Ahmed Wesam, Wani Mudasir Ahmad, Plawiak Pawel, Meshoul Souham, Mahmoud Amena, Hammad Mohamed
Department of Information Technology, Faculty of Computers and Artificial Intelligence, Hurghada University, Hurghada, Egypt.
EIAS Data Science Lab, College of Computer and Information Sciences, Prince Sultan University, Riyadh, 11586, Saudi Arabia.
Sci Rep. 2025 Jul 24;15(1):26879. doi: 10.1038/s41598-025-12353-4.
Education is crucial for the growth of effective life skills and the allocation of needed resources. Higher education institutions are adopting advanced technologies, such as artificial intelligence (AI), to enhance traditional teaching methods. Predicting academic performance has become increasingly important, improving university rankings and expanding student opportunities. This study addresses challenges in performance analysis, quality education delivery, and student evaluation through machine learning (ML) models. Ten regression models including K-Nearest Neighbors Regressor, Linear Regression, CatBoost, XGBoost, AdaBoost, and ensemble voting regression (VR) algorithm based on the top five heterogeneous regressors as base models are employed to predict academic outcomes. Two datasets with distinct feature sets and sizes were used to evaluate the generalizability of the models. The first dataset comprises 10,000 samples and six features focused on study behaviors, prior performance, and extracurricular activities. The second dataset includes 6,607 records and 20 features encompassing academic habits, demographic attributes, and institutional factors such as attendance, teacher quality, and parental involvement. Best model performance goes to the linear regression in standalone ML models. Then, the proposed ensemble VR model was built using weighted averages based on the performances of the base models. The local interpretable model-agnostic explanations (LIME) and SHapley Additive exPlanations (SHAP) are then used to explain the predictions produced by the proposed ensemble VR model. For the first dataset, the VR model achieved an RMSE of 0.1050, MAE of 0.0837, and R² of 0.9890. On the second, more complex dataset, the VR model also performed best with an R² of 0.7716 using the full feature set, highlighting its robustness and adaptability across diverse academic contexts. These results offer actionable insights for educators, administrators, and policymakers to better understand student performance drivers and support data-informed educational strategies.

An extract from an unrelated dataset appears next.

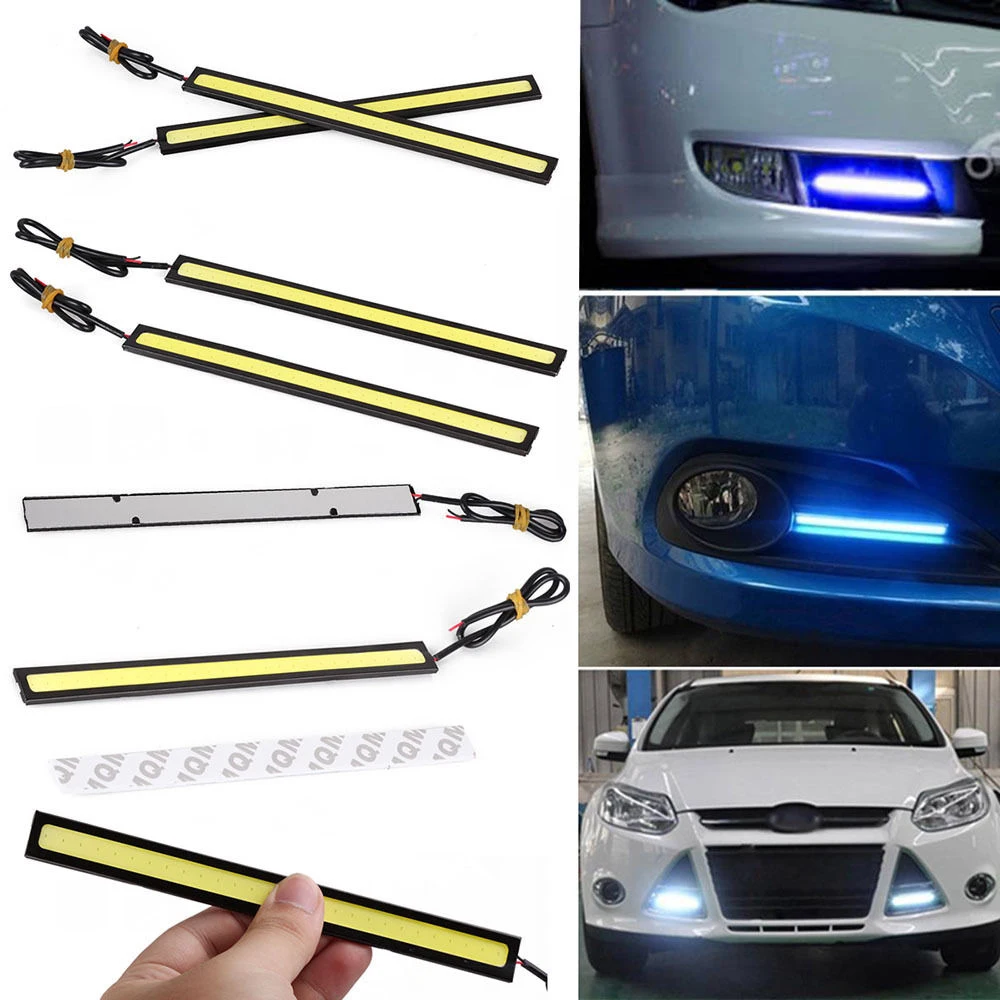 

White/Blue/Ice Blue 17CM Ultrathin LED COB Car Daytime Running Light Strip Waterproof 12V Fog Lights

教育对于有效生活技能的培养和所需资源的分配至关重要。高等教育机构正在采用人工智能(AI)等先进技术来改进传统教学方法。预测学业成绩变得越来越重要,这有助于提高大学排名并增加学生机会。本研究通过机器学习(ML)模型解决了绩效分析、优质教育提供和学生评估方面的挑战。使用了十种回归模型,包括K近邻回归器、线性回归、CatBoost、XGBoost、AdaBoost以及基于前五个异构回归器作为基础模型的集成投票回归(VR)算法来预测学业成果。使用两个具有不同特征集和大小的数据集来评估模型的泛化能力。第一个数据集包含10000个样本和六个侧重于学习行为、先前成绩和课外活动的特征。第二个数据集包括6607条记录和20个特征,涵盖学术习惯、人口统计学属性以及诸如出勤率、教师质量和家长参与度等机构因素。在独立的ML模型中,最佳模型性能由线性回归实现。然后,基于基础模型的性能使用加权平均值构建了所提出的集成VR模型。接着使用局部可解释模型无关解释(LIME)和SHapley加法解释(SHAP)来解释所提出的集成VR模型产生的预测。对于第一个数据集,VR模型的均方根误差(RMSE)为0.1050,平均绝对误差(MAE)为0.0837,决定系数(R²)为0.9890。在第二个更复杂的数据集上,使用完整特征集时,VR模型的R²为0.7716,同样表现最佳,突出了其在不同学术背景下的稳健性和适应性。这些结果为教育工作者、管理人员和政策制定者提供了可操作的见解,以便更好地理解学生成绩的驱动因素并支持基于数据的教育策略。